その一方で、日本は米国からの化石燃料輸入を増やすとよい。
いま、日本の化石燃料輸入代金は年間27.4兆円に上る※3)。だがこのうち米国からの輸入は年間1.4兆円にすぎない※4)。
米国は歴史的にはあまり化石燃料を輸出してこなかった。だが近年、シェール技術の長足の進歩によって石油・ガス生産が急激に伸びてきた。トランプ政権は石炭生産の復活も掲げている。米国は世界一の石油・ガス生産国であり、石炭埋蔵量も世界一である。
この米国からの化石燃料輸入を増やすことで、日本は貿易黒字を大幅に減らす可能性がある。もちろん価格などの条件は逐一真剣に交渉しなければならない。
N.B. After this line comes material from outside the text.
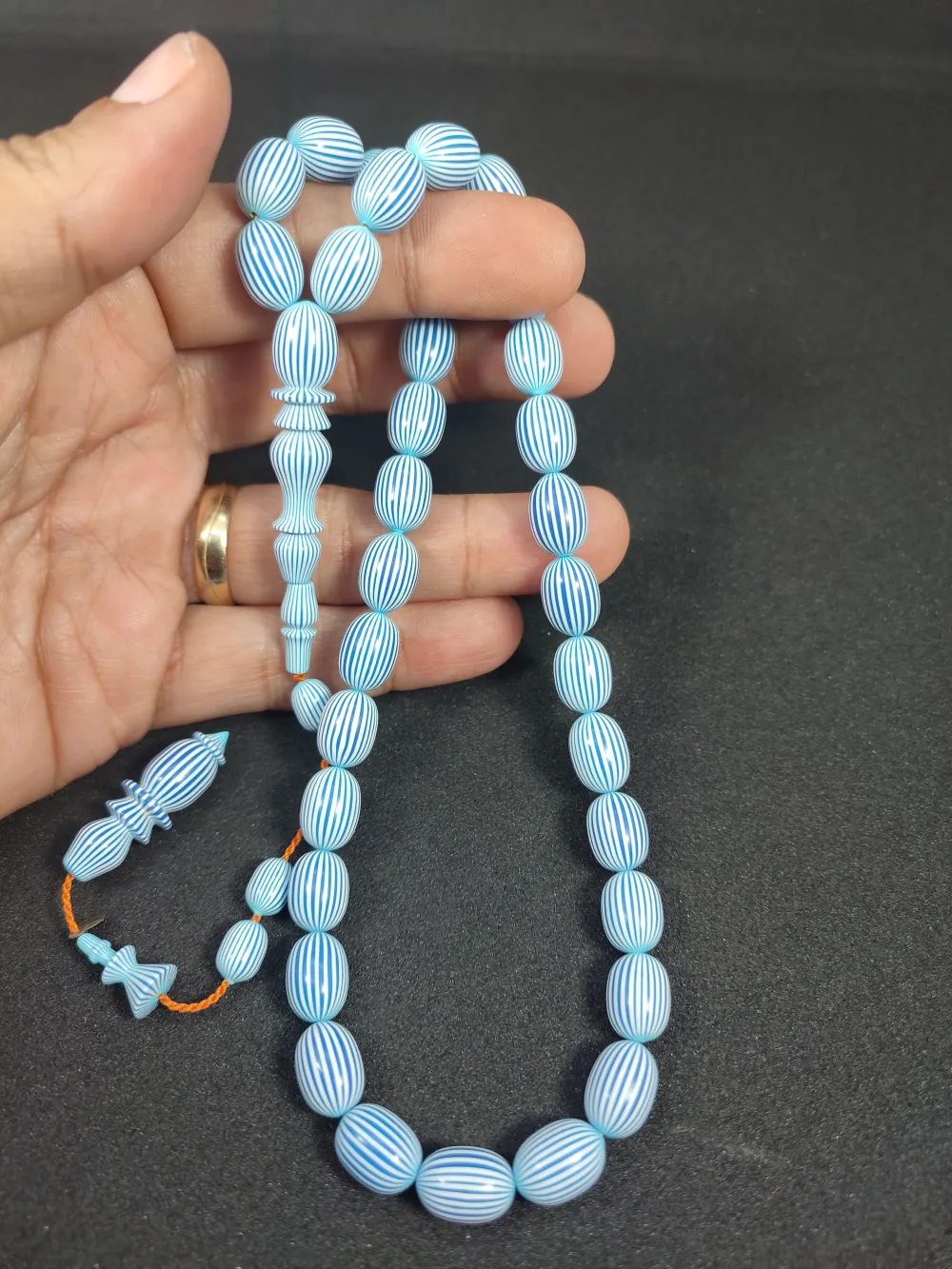 Başka Yerde Yok!!! Dalgıç Usta Eseri̇ İri̇ Boy Çi̇zgi̇li̇ Fransız Galali̇t küçük resim 5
よく取りざたされているアラスカのLNG開発が本当によい選択肢なのかどうかも個別の検討が必要だ。
そして経済性だけでなく、米国からのエネルギー輸入は、日本のエネルギー安全保障にとって望ましいという側面が重要だ。
資源の乏しい日本は、ほぼ化石燃料を全量、海外から輸入している。唯一の同盟国であり、強大な軍事力を持つ米国から一定のエネルギー輸入をしておくことは、台湾有事など、いざというときのエネルギー安全保障におおいに寄与する。米国は自国の国益も関わっているとなれば海軍を護衛に付けてでも日本にエネルギーを届けるだろう。
日本の化石燃料輸入代金27.4兆円のうち、例えば5分の1を米国からの輸入にあてれば、それだけで年間5.5兆円になる。現在の1.4兆円から4.1兆円の増である。これだけで日本の貿易黒字9兆円をほぼ半減する。
だがこれには、現行の日本政府のエネルギー基本計画が邪魔になる。同計画では、現在は全発電量の1割に過ぎない太陽光発電と風力発電の合計を、2040年には3割から4割に増やすとしている。もしこれを本当に実施すれば、その分、LNGなどの消費が減ることになり、米国産の化石燃料輸入の余地も少なくなる。
日本は中国にお金を垂れ流すGXを止め、米国からの化石燃料輸入に舵をきるべきである。これによって、対米黒字削減を、国益に適う形で実現することができる。